▶ **Description of the task**
Exact copies of all the records are to be output.

▶ **Information**
╭──
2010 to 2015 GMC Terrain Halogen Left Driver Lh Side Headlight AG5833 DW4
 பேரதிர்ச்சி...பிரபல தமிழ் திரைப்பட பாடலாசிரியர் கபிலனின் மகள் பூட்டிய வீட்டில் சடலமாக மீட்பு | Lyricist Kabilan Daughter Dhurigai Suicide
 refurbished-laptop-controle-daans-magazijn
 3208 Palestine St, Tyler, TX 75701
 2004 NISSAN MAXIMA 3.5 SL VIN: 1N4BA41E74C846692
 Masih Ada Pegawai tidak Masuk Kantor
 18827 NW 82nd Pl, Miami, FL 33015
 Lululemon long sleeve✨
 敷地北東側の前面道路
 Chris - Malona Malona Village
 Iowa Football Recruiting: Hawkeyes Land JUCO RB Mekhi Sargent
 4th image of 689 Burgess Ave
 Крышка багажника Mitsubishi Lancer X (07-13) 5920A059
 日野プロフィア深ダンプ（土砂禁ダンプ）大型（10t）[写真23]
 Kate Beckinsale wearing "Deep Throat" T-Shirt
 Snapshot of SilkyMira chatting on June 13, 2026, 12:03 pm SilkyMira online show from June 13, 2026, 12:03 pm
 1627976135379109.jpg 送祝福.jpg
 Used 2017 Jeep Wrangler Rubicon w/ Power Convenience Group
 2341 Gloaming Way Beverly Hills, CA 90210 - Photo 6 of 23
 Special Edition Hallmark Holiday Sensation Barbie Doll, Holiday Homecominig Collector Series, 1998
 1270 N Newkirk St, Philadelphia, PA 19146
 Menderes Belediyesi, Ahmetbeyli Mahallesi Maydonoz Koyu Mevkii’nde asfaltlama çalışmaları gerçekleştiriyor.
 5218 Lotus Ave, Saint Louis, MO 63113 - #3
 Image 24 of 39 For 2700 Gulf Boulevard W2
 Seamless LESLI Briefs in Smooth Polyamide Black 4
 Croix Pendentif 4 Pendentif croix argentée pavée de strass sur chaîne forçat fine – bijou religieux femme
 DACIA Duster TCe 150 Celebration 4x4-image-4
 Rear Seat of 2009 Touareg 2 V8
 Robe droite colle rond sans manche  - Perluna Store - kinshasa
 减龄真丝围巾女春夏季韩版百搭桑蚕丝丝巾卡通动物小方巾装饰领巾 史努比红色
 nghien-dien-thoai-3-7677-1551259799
╰──
▶ **Solution to the problem**
2010 to 2015 GMC Terrain Halogen Left Driver Lh Side Headlight AG5833 DW4
 பேரதிர்ச்சி...பிரபல தமிழ் திரைப்பட பாடலாசிரியர் கபிலனின் மகள் பூட்டிய வீட்டில் சடலமாக மீட்பு | Lyricist Kabilan Daughter Dhurigai Suicide
 refurbished-laptop-controle-daans-magazijn
 3208 Palestine St, Tyler, TX 75701
 2004 NISSAN MAXIMA 3.5 SL VIN: 1N4BA41E74C846692
 Masih Ada Pegawai tidak Masuk Kantor
 18827 NW 82nd Pl, Miami, FL 33015
 Lululemon long sleeve✨
 敷地北東側の前面道路
 Chris - Malona Malona Village
 Iowa Football Recruiting: Hawkeyes Land JUCO RB Mekhi Sargent
 4th image of 689 Burgess Ave
 Крышка багажника Mitsubishi Lancer X (07-13) 5920A059
 日野プロフィア深ダンプ（土砂禁ダンプ）大型（10t）[写真23]
 Kate Beckinsale wearing "Deep Throat" T-Shirt
 Snapshot of SilkyMira chatting on June 13, 2026, 12:03 pm SilkyMira online show from June 13, 2026, 12:03 pm
 1627976135379109.jpg 送祝福.jpg
 Used 2017 Jeep Wrangler Rubicon w/ Power Convenience Group
 2341 Gloaming Way Beverly Hills, CA 90210 - Photo 6 of 23
 Special Edition Hallmark Holiday Sensation Barbie Doll, Holiday Homecominig Collector Series, 1998
 1270 N Newkirk St, Philadelphia, PA 19146
 Menderes Belediyesi, Ahmetbeyli Mahallesi Maydonoz Koyu Mevkii’nde asfaltlama çalışmaları gerçekleştiriyor.
 5218 Lotus Ave, Saint Louis, MO 63113 - #3
 Image 24 of 39 For 2700 Gulf Boulevard W2
 Seamless LESLI Briefs in Smooth Polyamide Black 4
 Croix Pendentif 4 Pendentif croix argentée pavée de strass sur chaîne forçat fine – bijou religieux femme
 DACIA Duster TCe 150 Celebration 4x4-image-4
 Rear Seat of 2009 Touareg 2 V8
 Robe droite colle rond sans manche  - Perluna Store - kinshasa
 减龄真丝围巾女春夏季韩版百搭桑蚕丝丝巾卡通动物小方巾装饰领巾 史努比红色
 nghien-dien-thoai-3-7677-1551259799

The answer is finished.